** Opening Dataset block **

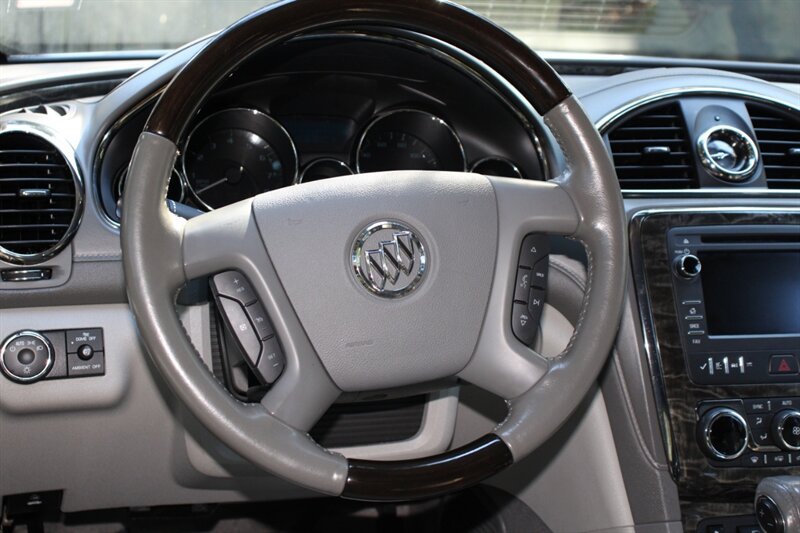 Used 2014 Buick Enclave Leather AWD/4WD image 18
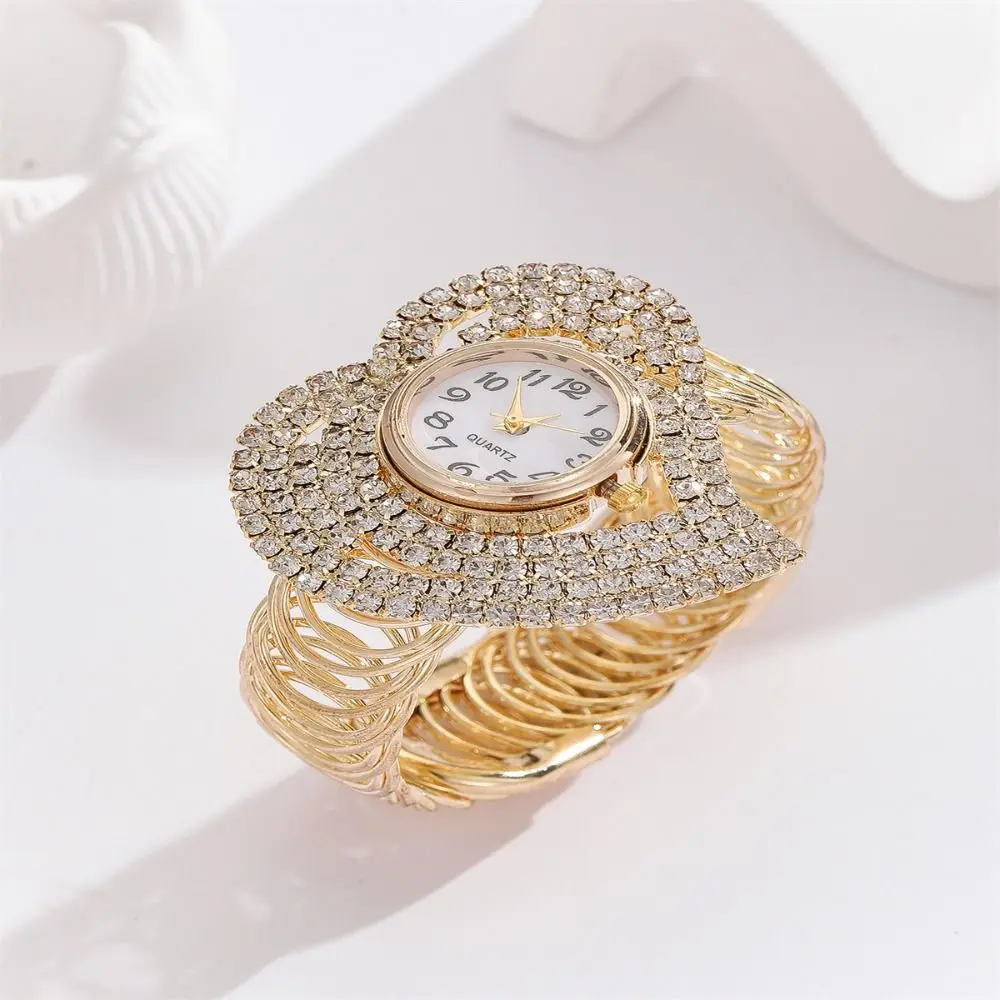 Luxury Gold Bracelet Watch Round Alloy Quartz Watch Heart Rhinestone Wrist Watches Women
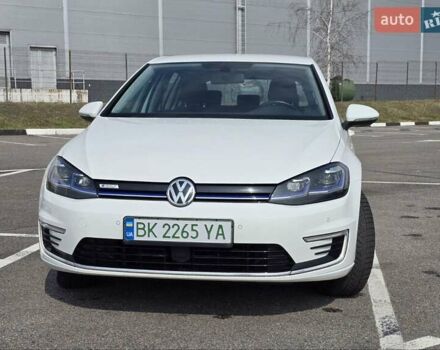 Белый Фольксваген e-Golf, объемом двигателя 0 л и пробегом 96 тыс. км за 14441 $, фото 19 на Automoto.ua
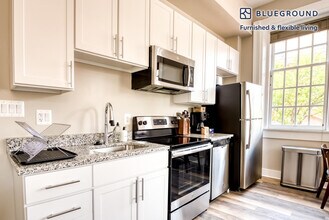 700 Duke St in Alexandria, VA - Building Photo - Building Photo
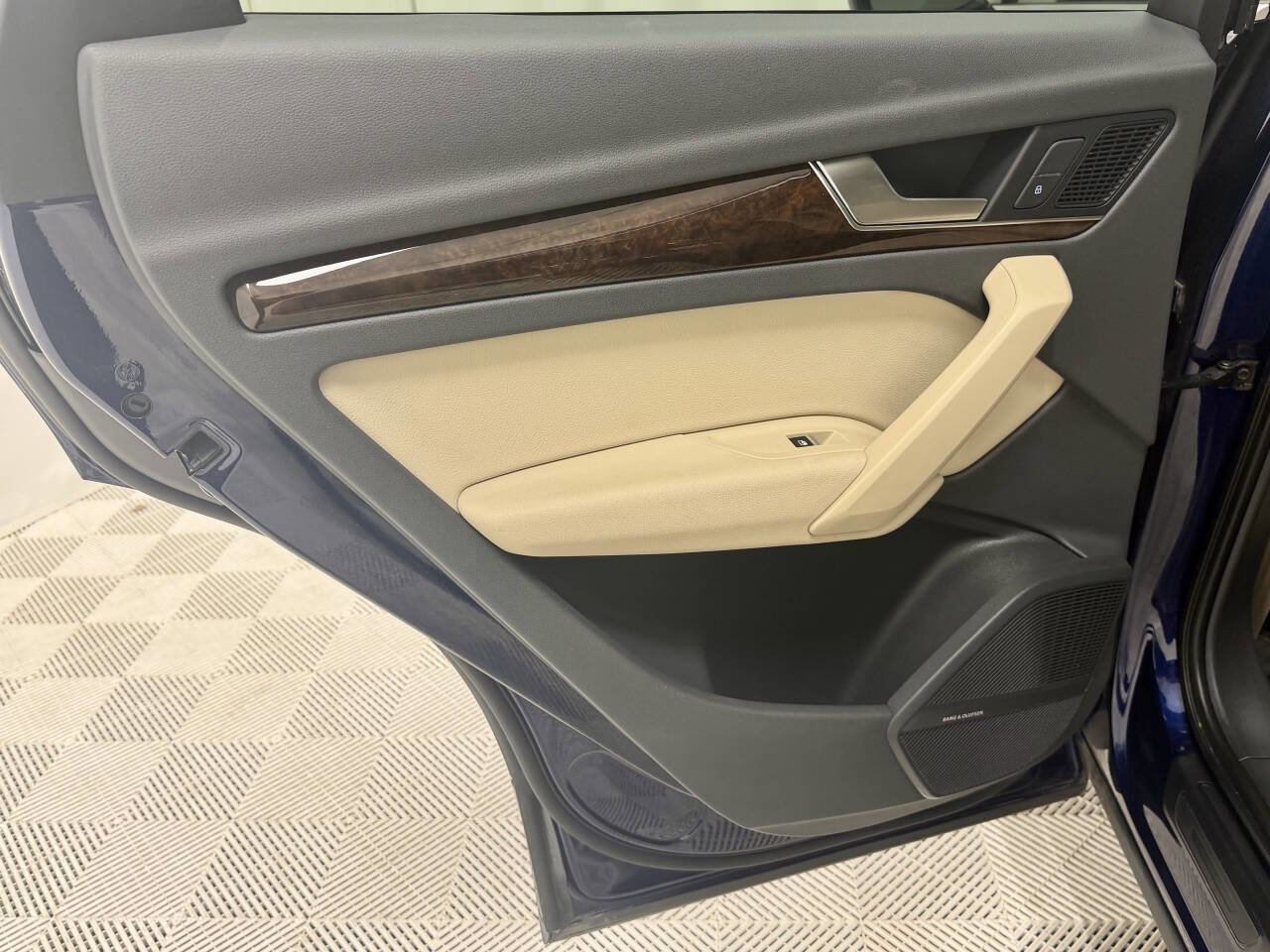 Used 2018 Audi Q5 2.0T Premium Plus w/ Premium Plus Package image 30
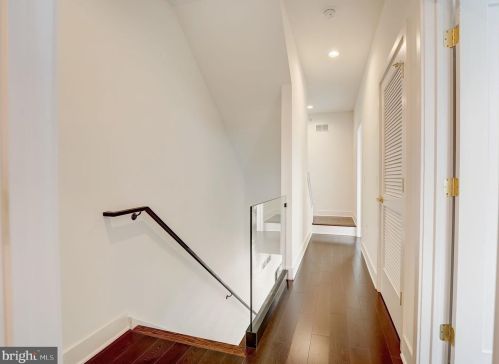 654 13 St, Philadelphia PA 19123-2427 exterior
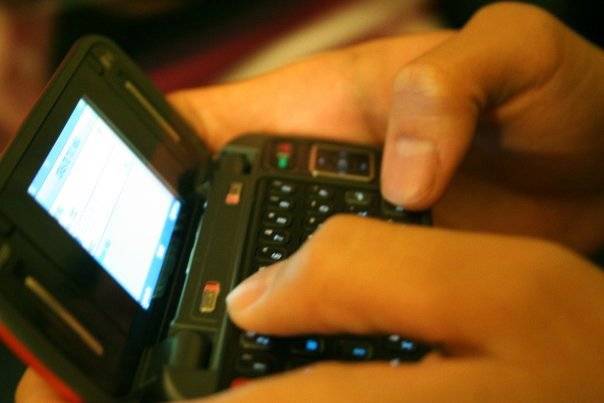 texting.jpg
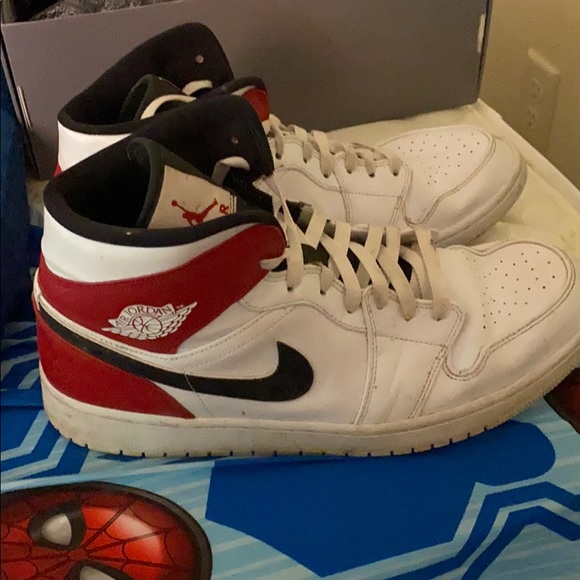 Men’s air Jordan shoes - Picture 2 of 3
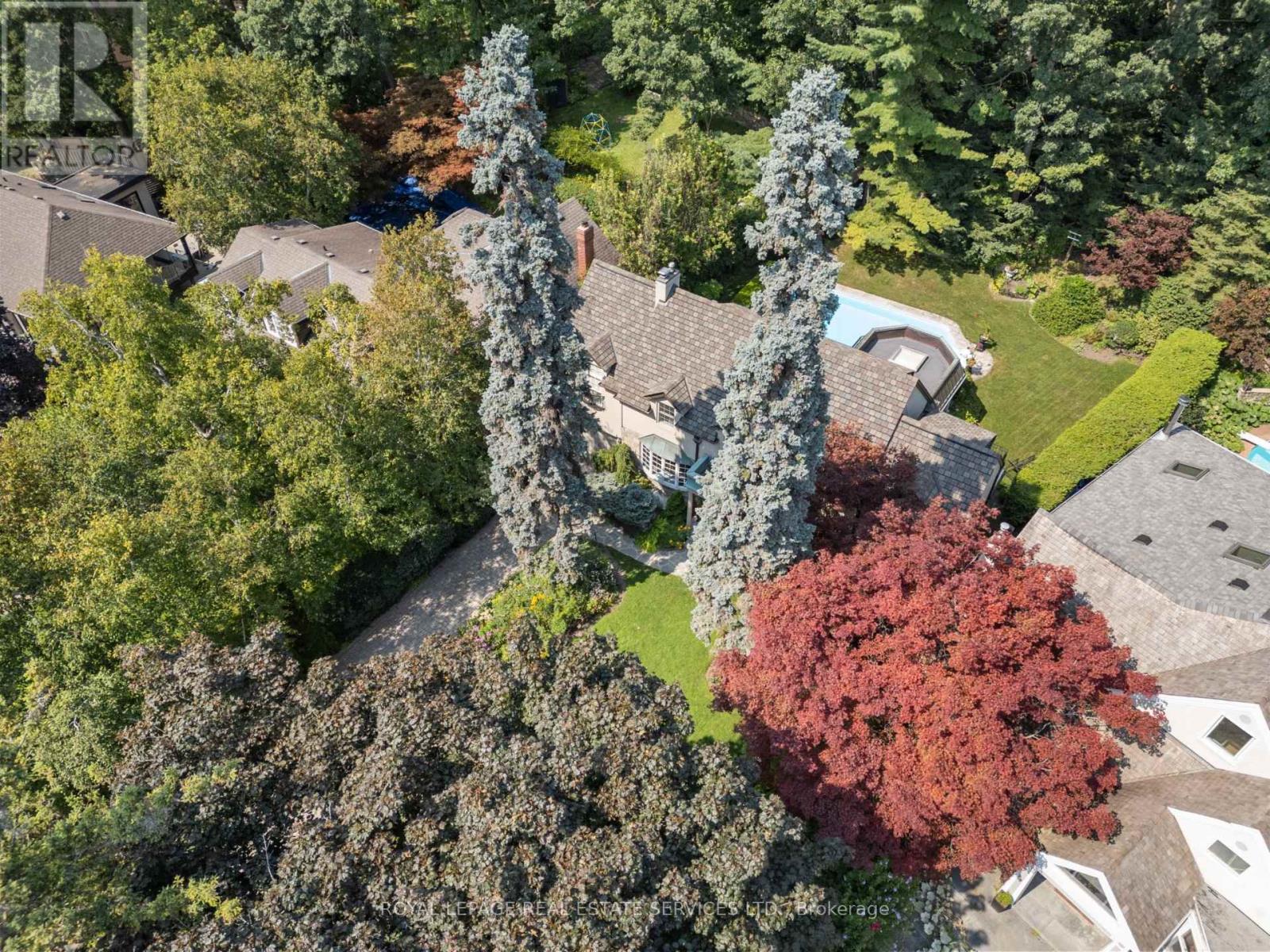 14 Riverside Crescent, Toronto, Ontario  M6S 1B6 - Photo 43 - W12822732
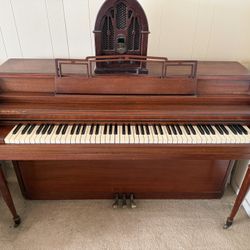 Spinet Piano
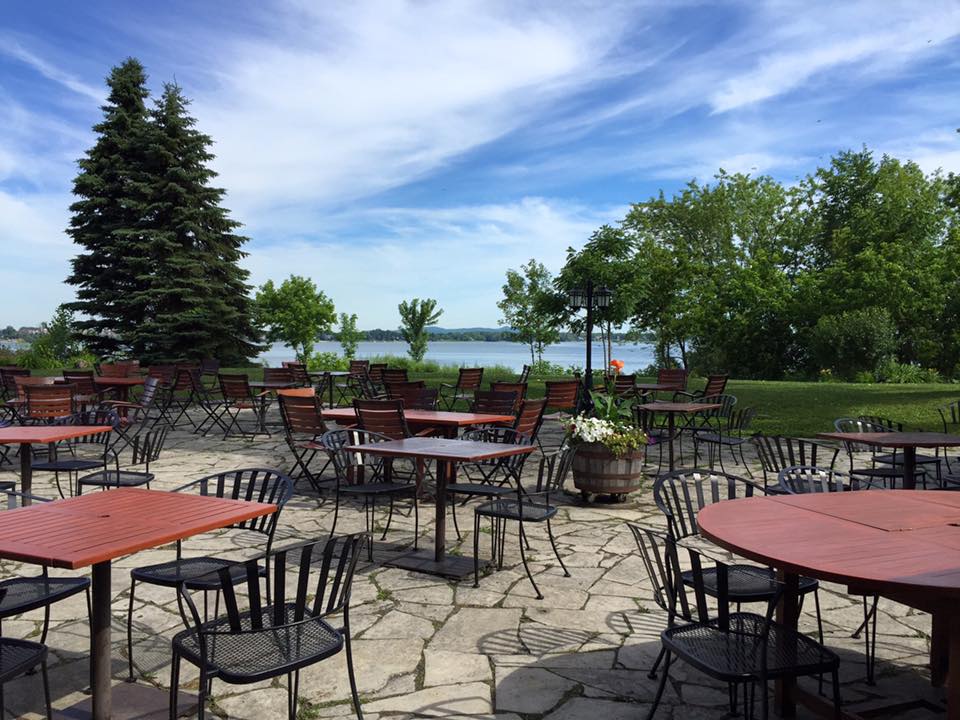 Terrasse avec vue sur le bassin de Chambly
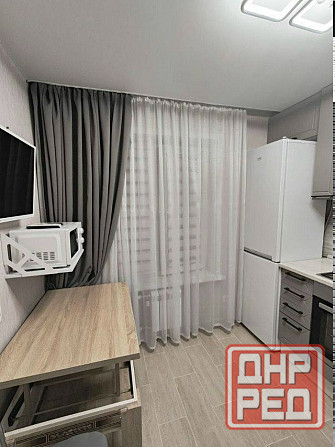 Сдача уютной 1 комнатной квартиры в Ленинском р-не, ул. Речная (Боссе) Этаж: 4 Донецк - изображение 1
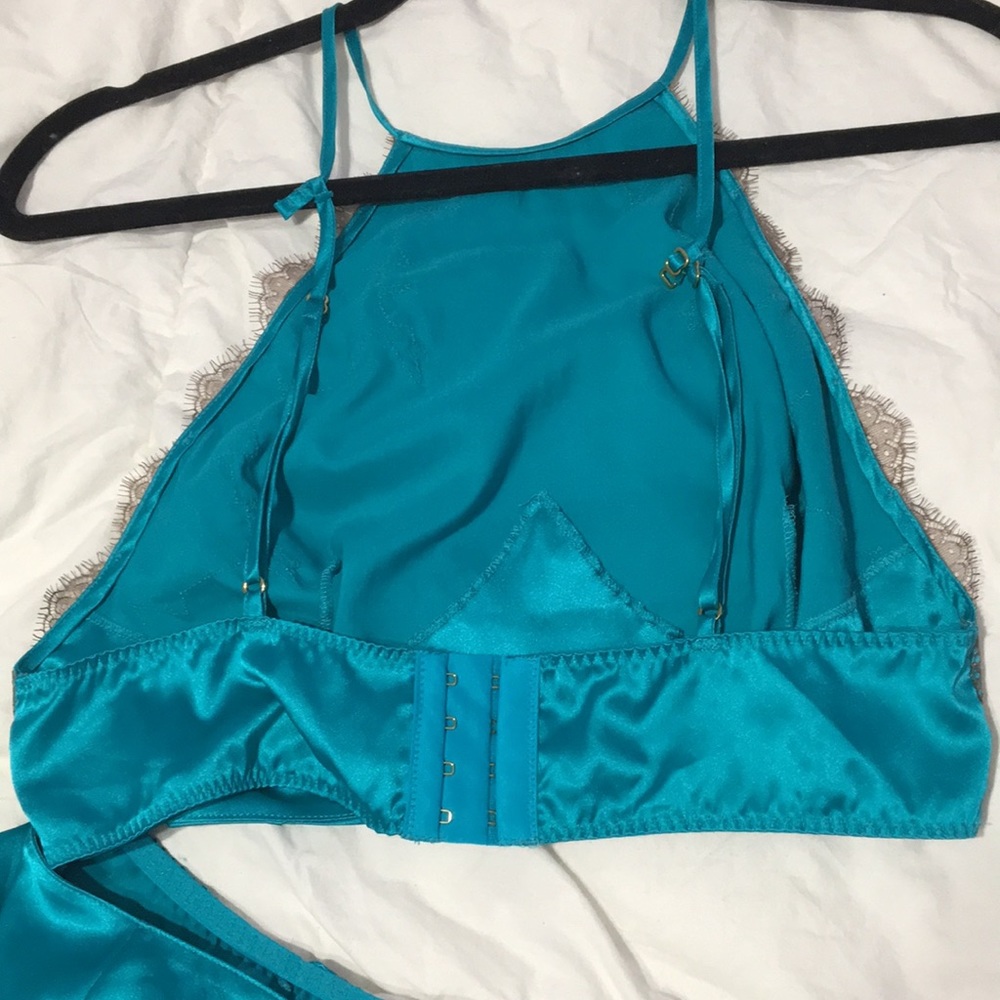 VS two piece - Picture 4 of 4
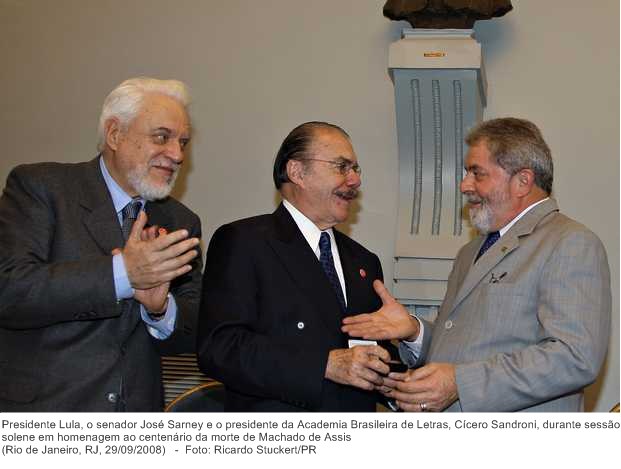 Presidente Lula, o senador José Sarney e o presidente da Academia Brasileira de Letras, Cícero Sandroni, durante sessão solene em homenagem ao centenário da morte de Machado de Assis.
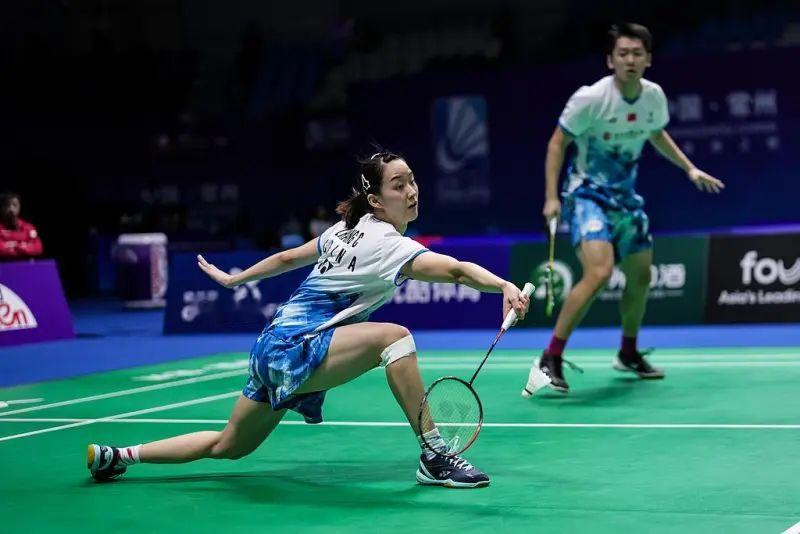 泰国大师赛国羽双打三连胜!1月28日，超级300泰国羽毛球大师赛1/16决赛，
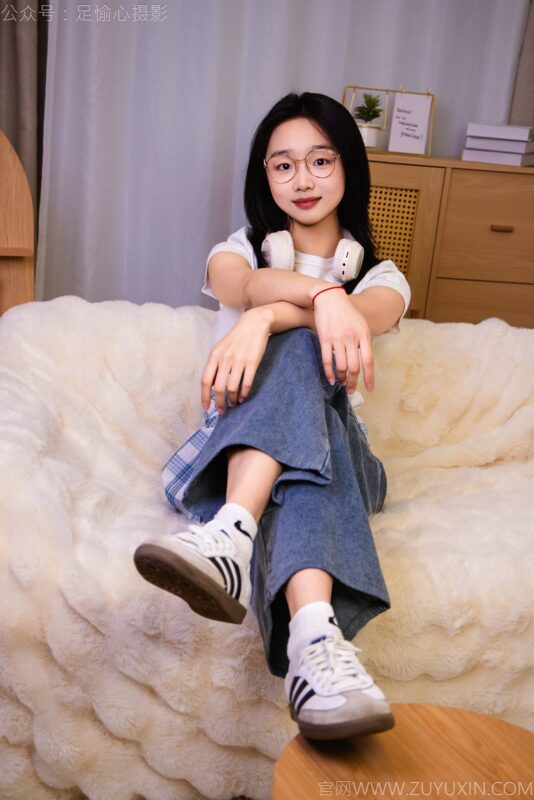 精选足愉心 NO.027 奶芙（搭配：白色T恤、牛仔长裤、德训鞋、白色棉袜、裸足）[110P]-草丛看图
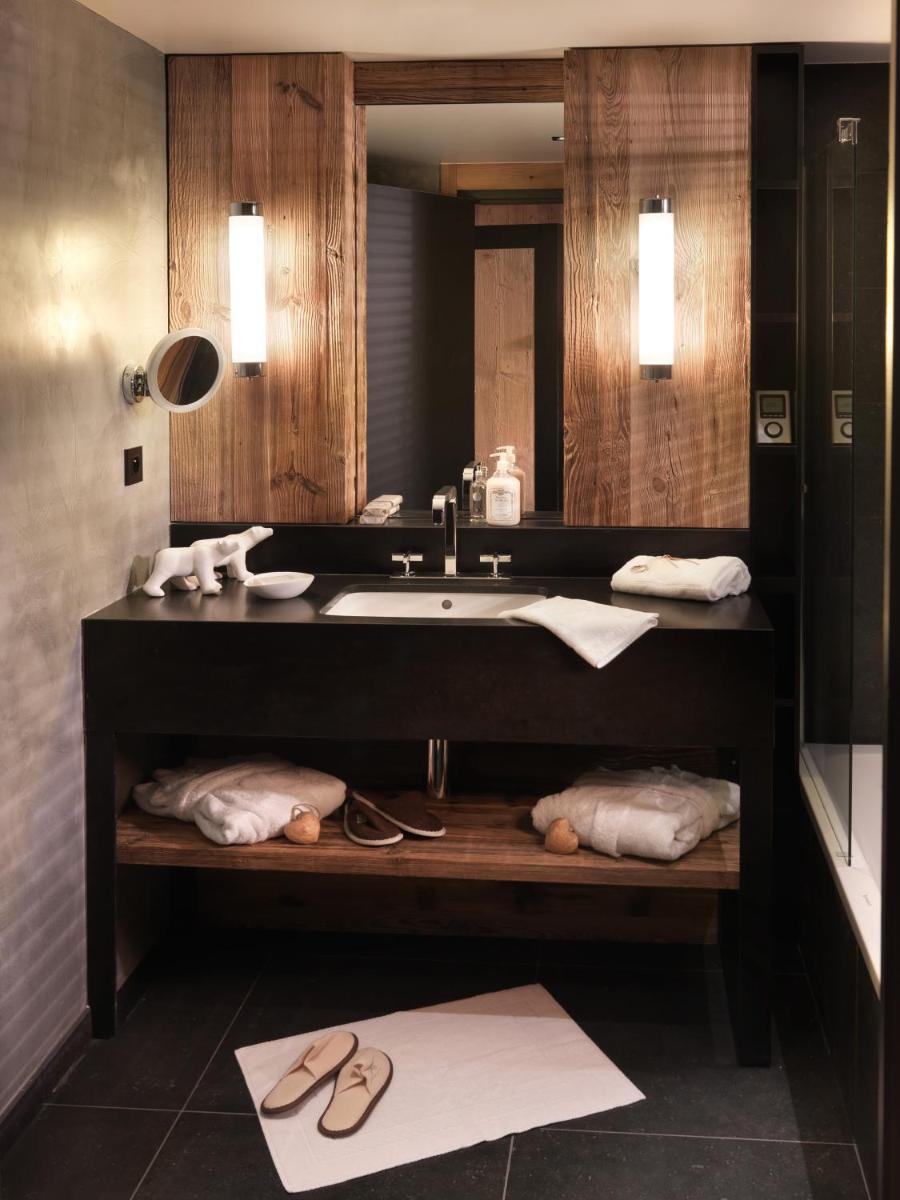 Salle de bains dans l'établissement M de Megève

** Closing Dataset block **

(Work instructions): Your output should be only the lines from the line with "Presidente Lula, o" through the end of the data, exactly as they stand, and no pictures.

(Solution for this task):
 Presidente Lula, o senador José Sarney e o presidente da Academia Brasileira de Letras, Cícero Sandroni, durante sessão solene em homenagem ao centenário da morte de Machado de Assis.
 泰国大师赛国羽双打三连胜!1月28日，超级300泰国羽毛球大师赛1/16决赛，
 精选足愉心 NO.027 奶芙（搭配：白色T恤、牛仔长裤、德训鞋、白色棉袜、裸足）[110P]-草丛看图
 Salle de bains dans l'établissement M de Megève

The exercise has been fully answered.